RECORDED DATA:
*** Begin section ***
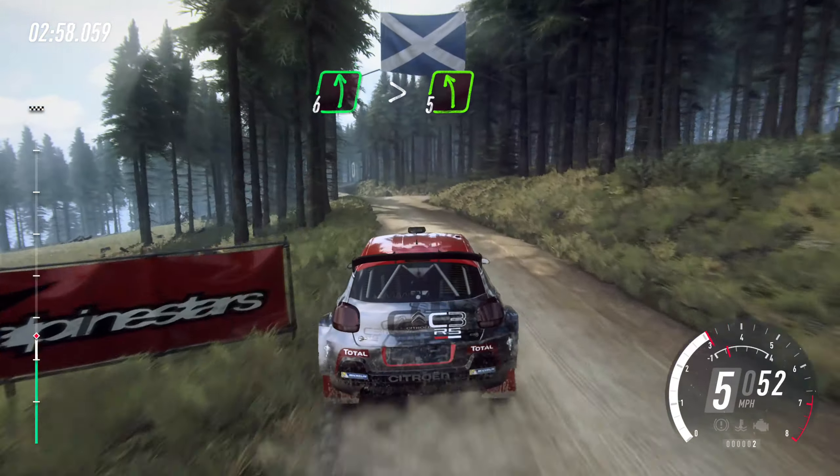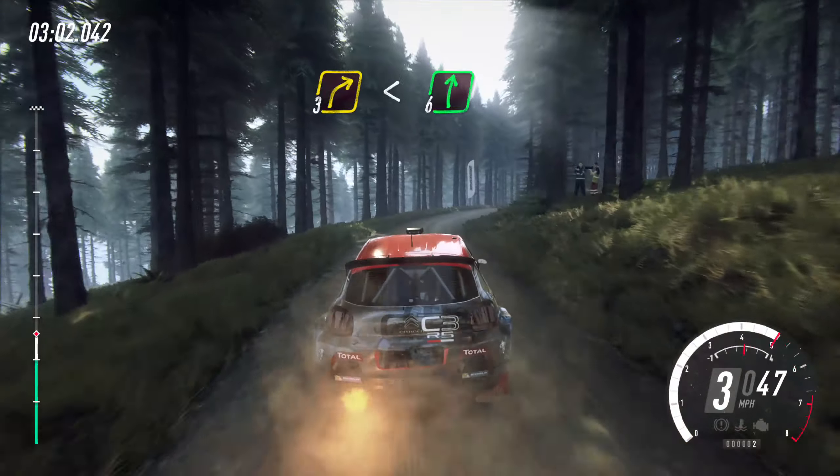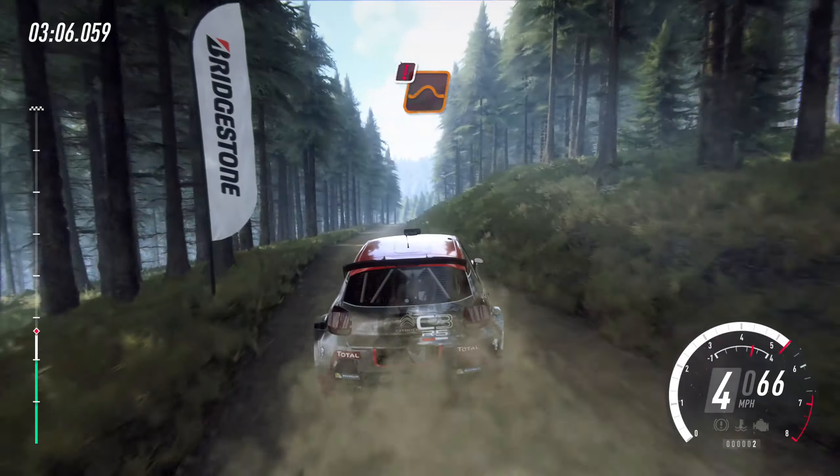Six right, tightens three, sixty. Keep left of a crest and five right tightens. Into six left, very long, and opens keep right of a crest. Seventy.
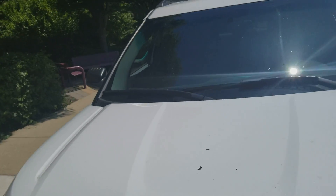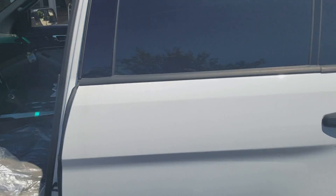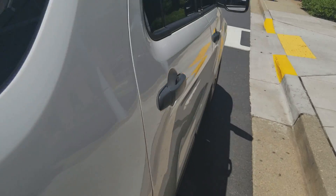Welcome to Gage Car Reviews and today I'm reviewing this Ford Explorer. Here's the side and the back of the Ford Explorer, and the side again.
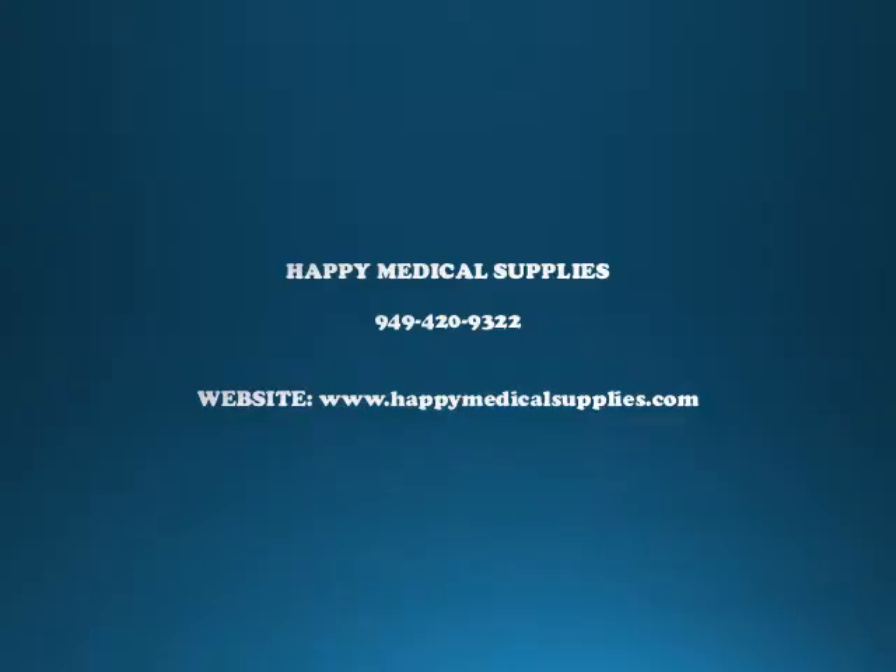Let us help you today. Call Happy Medical Supplies at 949-420-9322 or go to www.happymedicalsupplies.com. You can also see the complete information in the description box.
*** End section ***
WHAT TO PRODUCE: The listing should be transcribed exactly. No picture is to appear in the transcription.

TASK RESPONSE:
Six right, tightens three, sixty. Keep left of a crest and five right tightens. Into six left, very long, and opens keep right of a crest. Seventy.
Welcome to Gage Car Reviews and today I'm reviewing this Ford Explorer. Here's the side and the back of the Ford Explorer, and the side again.
Let us help you today. Call Happy Medical Supplies at 949-420-9322 or go to www.happymedicalsupplies.com. You can also see the complete information in the description box.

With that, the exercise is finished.